→ Exercise instructions
Retype word for word the stretch of entries below from the line that has "Derek Lam Micro-Check Pant" through the line that has "This beautifully maintained", and omit the pictures.

→ Exercise materials
# # # # #

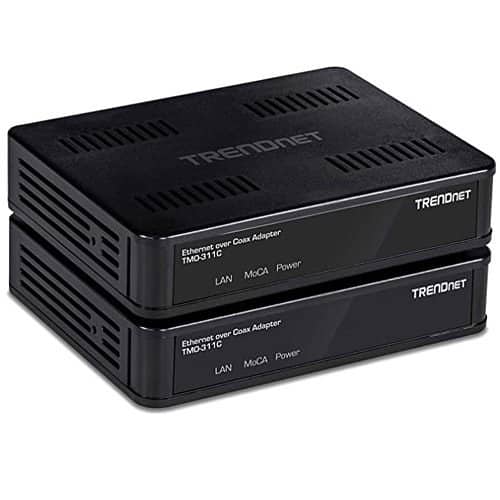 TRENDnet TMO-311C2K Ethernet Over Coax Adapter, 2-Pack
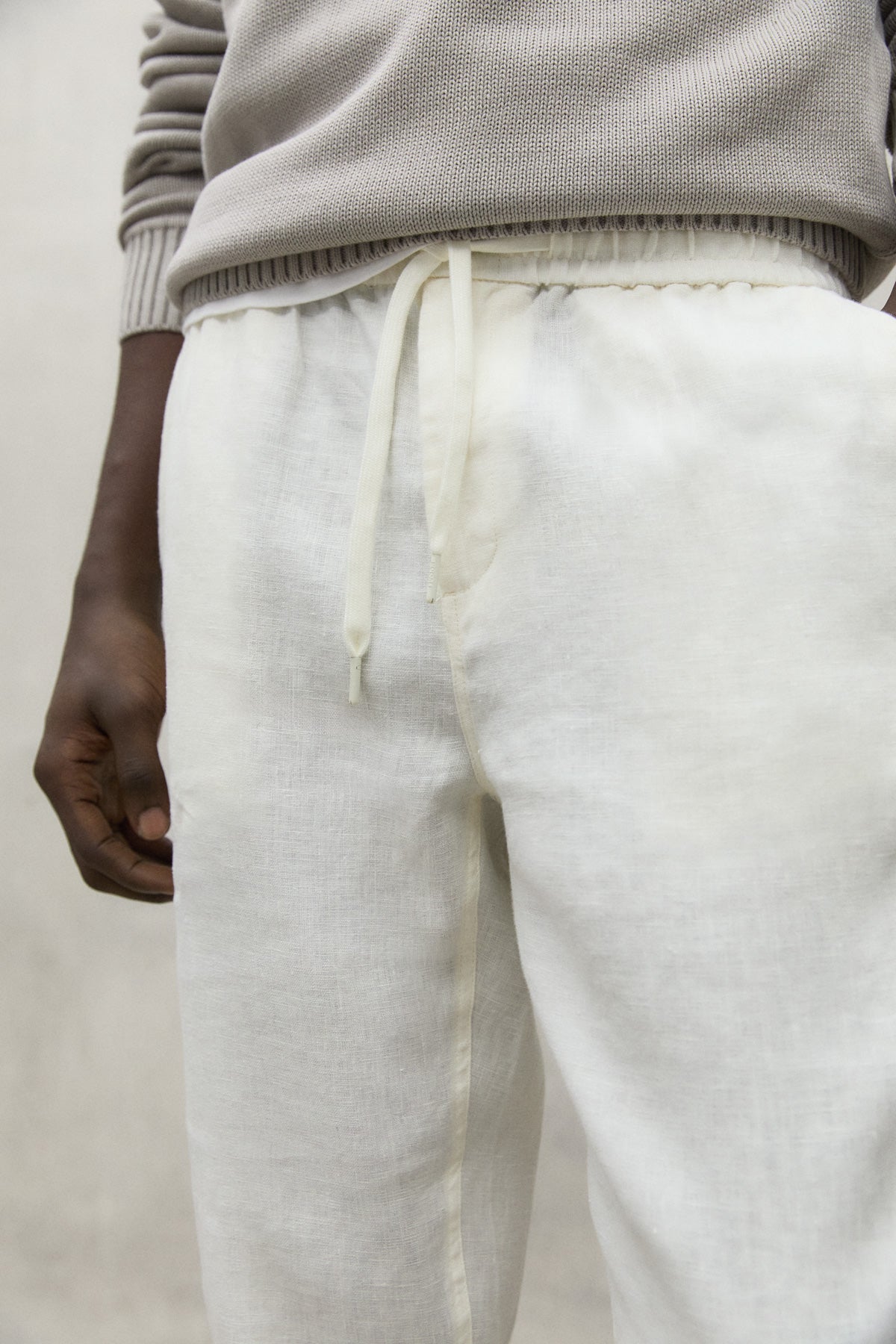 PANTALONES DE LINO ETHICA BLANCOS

# # # # #

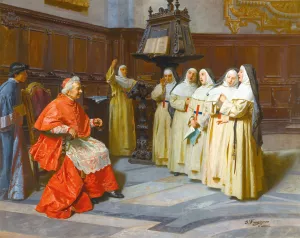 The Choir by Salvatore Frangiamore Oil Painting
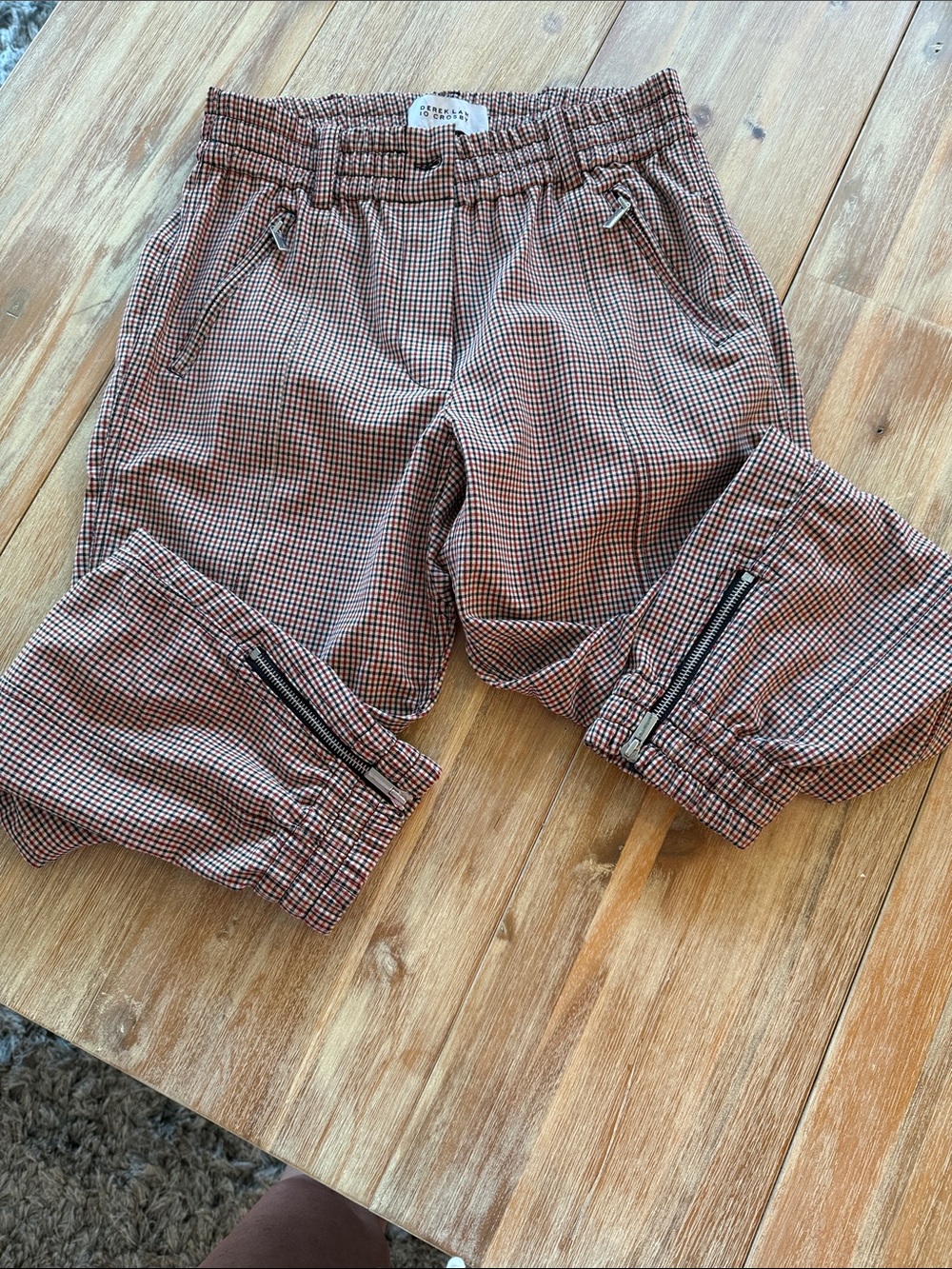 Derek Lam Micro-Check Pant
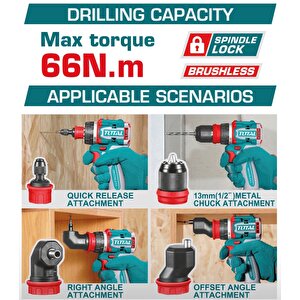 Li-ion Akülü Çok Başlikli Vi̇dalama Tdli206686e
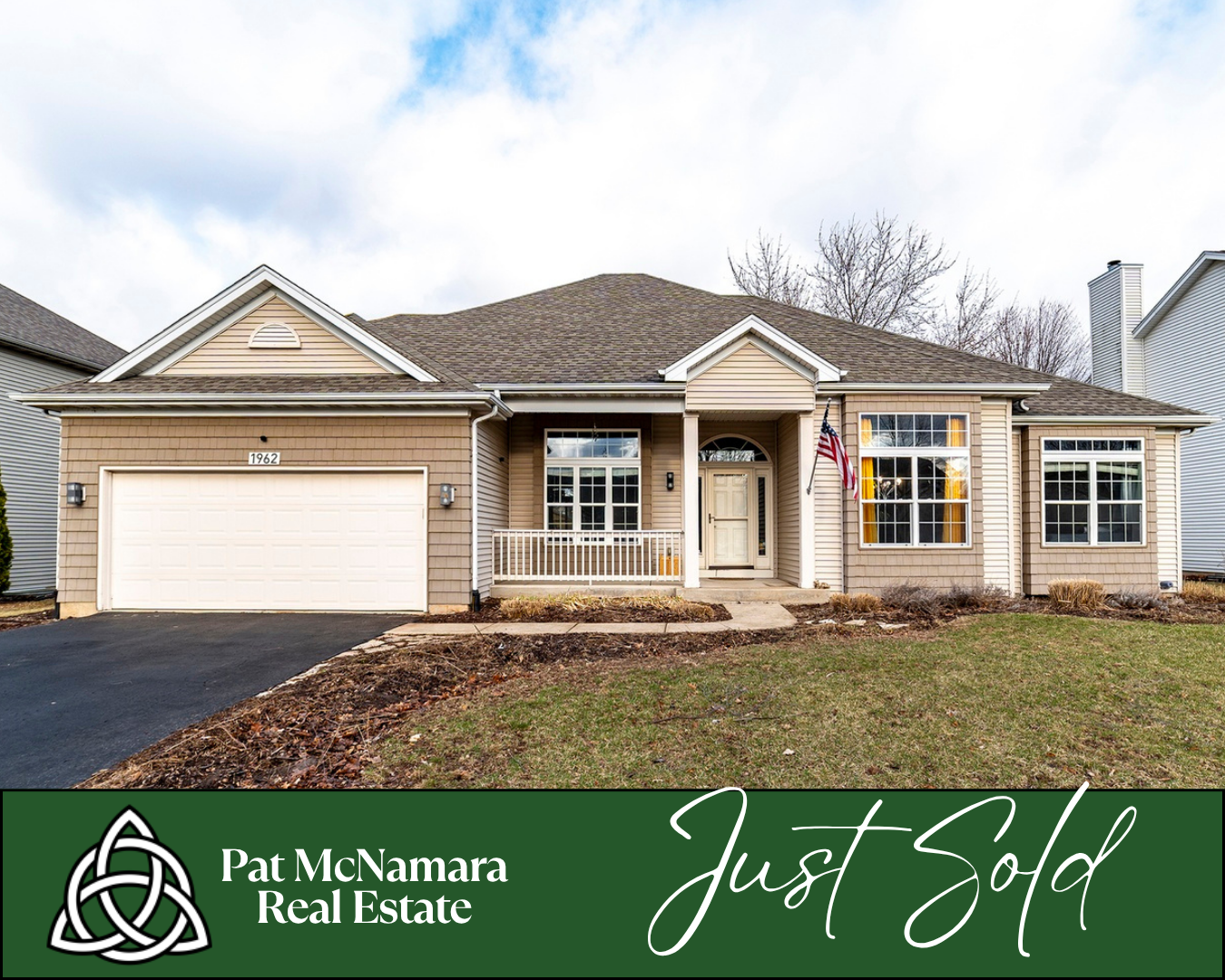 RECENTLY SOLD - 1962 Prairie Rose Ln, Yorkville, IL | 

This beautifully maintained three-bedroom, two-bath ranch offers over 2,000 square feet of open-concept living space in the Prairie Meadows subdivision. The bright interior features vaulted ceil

# # # # #

→ Your response
 Derek Lam Micro-Check Pant
 Li-ion Akülü Çok Başlikli Vi̇dalama Tdli206686e
 RECENTLY SOLD - 1962 Prairie Rose Ln, Yorkville, IL | 

This beautifully maintained three-bedroom, two-bath ranch offers over 2,000 square feet of open-concept living space in the Prairie Meadows subdivision. The bright interior features vaulted ceil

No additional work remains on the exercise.